Supplied entries:
● ● ● ●

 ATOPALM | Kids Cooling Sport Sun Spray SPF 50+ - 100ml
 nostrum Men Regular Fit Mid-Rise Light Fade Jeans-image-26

● ● ● ●

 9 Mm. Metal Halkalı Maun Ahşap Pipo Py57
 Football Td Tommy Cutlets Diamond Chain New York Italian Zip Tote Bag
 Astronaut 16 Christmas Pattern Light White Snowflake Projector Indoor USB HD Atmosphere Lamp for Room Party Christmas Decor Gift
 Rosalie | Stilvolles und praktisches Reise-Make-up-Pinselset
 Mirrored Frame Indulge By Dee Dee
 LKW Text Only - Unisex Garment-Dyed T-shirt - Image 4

● ● ● ●

Assigned task: Keeping every character as it is, restate the lines above that run from the line with "Football Td Tommy" through the line with "LKW Text Only", both included, and nothing else.

Response to the exercise:
 Football Td Tommy Cutlets Diamond Chain New York Italian Zip Tote Bag
 Astronaut 16 Christmas Pattern Light White Snowflake Projector Indoor USB HD Atmosphere Lamp for Room Party Christmas Decor Gift
 Rosalie | Stilvolles und praktisches Reise-Make-up-Pinselset
 Mirrored Frame Indulge By Dee Dee
 LKW Text Only - Unisex Garment-Dyed T-shirt - Image 4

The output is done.